Le nouveau Pape de l´OM
JEAN-PHILIPPE COINTOT
Pape Diouf sera le directeur sportif du club marseillais à partir du 1er juin.
PAPE DIOUF a confirmé mardi sa nomination au poste de directeur sportif de l´OM : « Je peux dire qu´avec Christophe Bouchet, nous sommes arrivés à un ensemble de points d´accord. » Le 1er juin, le longiligne Sénégalais de cinquante-deux ans va ainsi entamer une nouvelle carrière.
L´homme, qui depuis toujours aime relever les défis les plus inattendus, possède en fait cette étonnante particularité de déployer sa grande carcasse là où on ne s´attend pas vraiment à la trouver. Déjà, afin de marquer immédiatement sa différence, il naît au Tchad, à Abéché. Son père, huissier à l´ambassade de France, a entraîné toute sa petite famille près de N´Djamena avant de revenir se poser à Dakar.
Gaulliste de la première heure, le papa souhaite que le fiston intègre l´armée française. Refus catégorique de l´intéressé, qui tracera alors sa voie jusqu´à la cité phocéenne et trouvera refuge à La Poste. Un inspecteur corse de la grande maison, un certain Toni Salvatori, va ensuite se charger de faire basculer une première fois son destin en lui proposant de rédiger, en 1975, quelques articles pour la Marseillaise, un quotidien communiste.

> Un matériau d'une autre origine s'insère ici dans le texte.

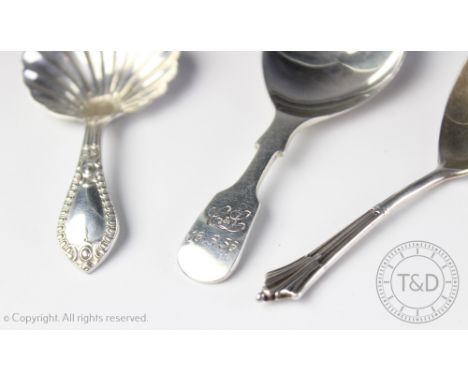 Three silver caddy spoons, Robert Stebbings, London 1912, Albany pattern, Walker & Hall, Sheffield 1896, shell shaped bowl an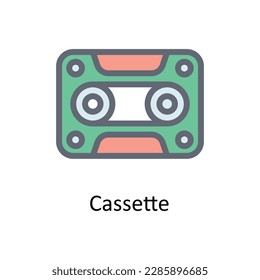 Cassette Vector  Fill outline Icons. Simple stock illustration stock
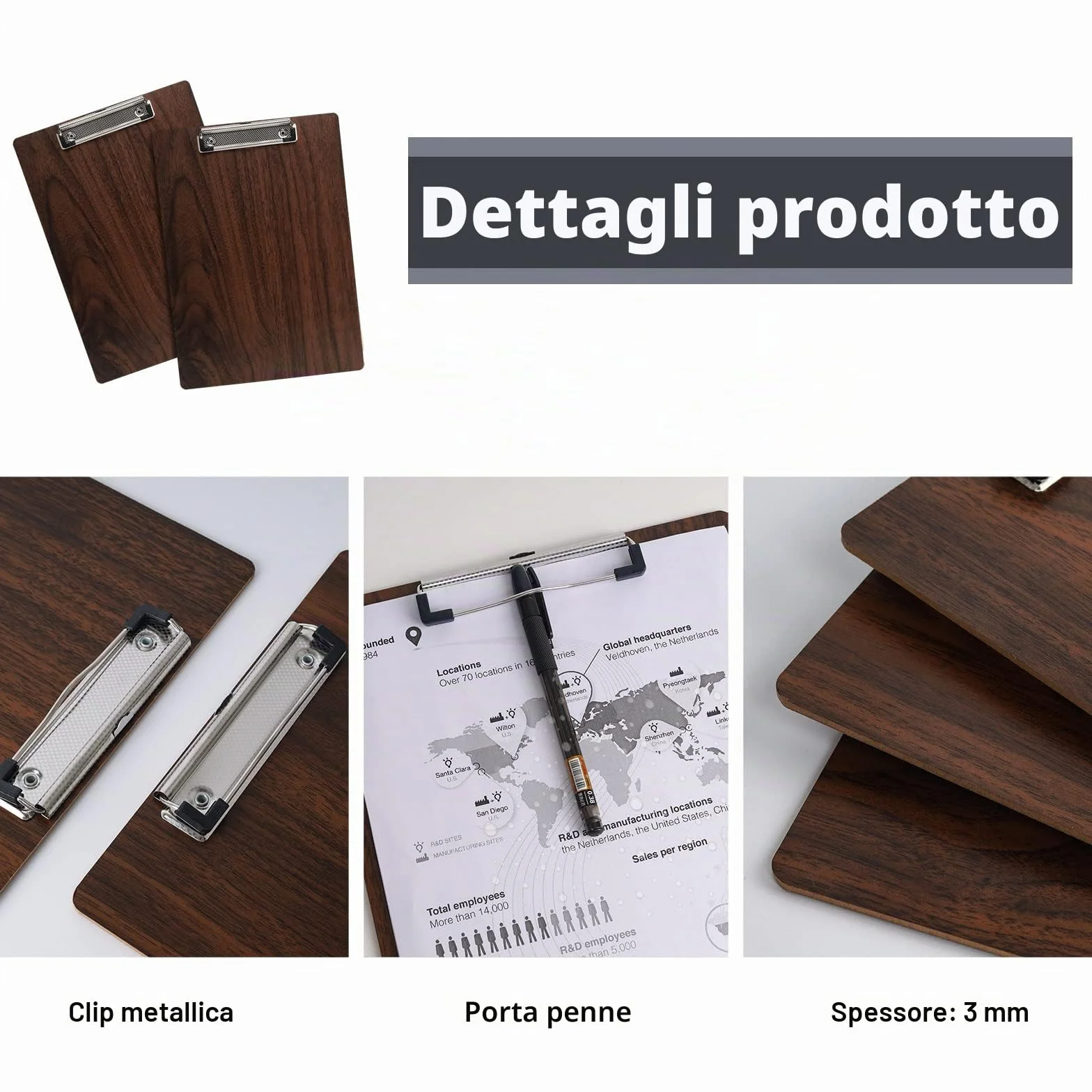 12 Pezzi Portablocco di Legno A5, Portablocchi con Clip in Metallo | Legno Portablocco, Tavolette per Appunti con Clip, Portablocco con Ferma-documenti, per Ufficio Scuola Casa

« Il est d´abord passé par le basket, raconte Jean-Paul Delhoumme, pilier de la rubrique sportive, avant de rejoindre le foot. C´était un journaliste très pointu, très travailleur, qui possédait une belle plume. Il connaissait sa valeur mais était parfois un peu susceptible. »
Le grand Pape, « journaliste par hasard », s´installe alors dans la profession et ne tolère aucune concession. Au stade, il lui arrive parfois de défendre ses idées avec ardeur. « Mon cher Robert, je crois que nous allons en arriver à des extrémités physiques », répond-il un jour à Buigues, qui n´avait visiblement pas apprécié l´un de ses articles. L´OM, dont il devient un éminent spécialiste, retrouve un certain faste avec l´arrivée de Bernard Tapie, qui lui lance aussitôt : « Toi, tu es le Black le plus intelligent que je connaisse ! »
« En colère, c´est une cathédrale qui te marche dessus ! »
À cette époque, Joseph-Antoine Bell, le gardien de but camerounais du club, passe toutes ses après-midi, après la sieste, au siège de la Marseillaise. Jo et Pape sont alors inséparables. Régulièrement sollicité par de nombreux « petits frères » footballeurs africains dans la difficulté, Bell lance un jour à son ami : « Pourquoi ne deviendrais-tu pas imprésario ? » L´idée fait lentement son chemin dans l´esprit du Sénégalais qui, entre-temps, a quitté La Marseillaise pour l´Hebdo puis le quotidien le Sport où il éprouve quelques difficultés à maîtriser les nouveaux ordinateurs portables, « ces machines du diable ». Encouragé par Basile Boli, qui va constituer avec Bell et bientôt Marcel Desailly les bases de sa future écurie, Pape Diouf accepte finalement une nouvelle fois de bouleverser le cours de sa vie.
En 1988, l´ancien journaliste va-t-il entrer dans ce costume de « conseiller » qui, au premier abord, ne colle pas avec son image d´homme intègre ? Même s´il n´a jamais caché qu´il aimait la réussite avant l´argent, Diouf veut respecter ses propres règles en défendant dans un premier temps la « black connection » de France. « Les footballeurs africains se faisaient copieusement exploiter, il fallait y mettre un terme. » Basile Boli n´ira donc pas à la Lazio Rome après le sacre de l´OM en Ligue des champions. « Les Italiens demandaient beaucoup de choses et Pape pensait qu´on ne me respectait pas, explique le buteur de la finale de 1993. Pape c´est un sage, il est droit et n´aime pas se faire marcher dessus. Parce que, attention, un Pape en colère, c´est comme une cathédrale qui te marche dessus ! »
S´il concrétise l´accord de principe passé avec Christophe Bouchet, l´OM représentera le dernier challenge d´une vie riche et bien remplie, d´une vie qu´il a menée en dehors des normes auxquelles elle était destinée. Après, demain ou un peu plus tard, il sera temps pour Pape Diouf, l´homme comblé, de créer son propre journal au Sénégal. Histoire de jeter un sort définitif à ces fameuses machines du diable.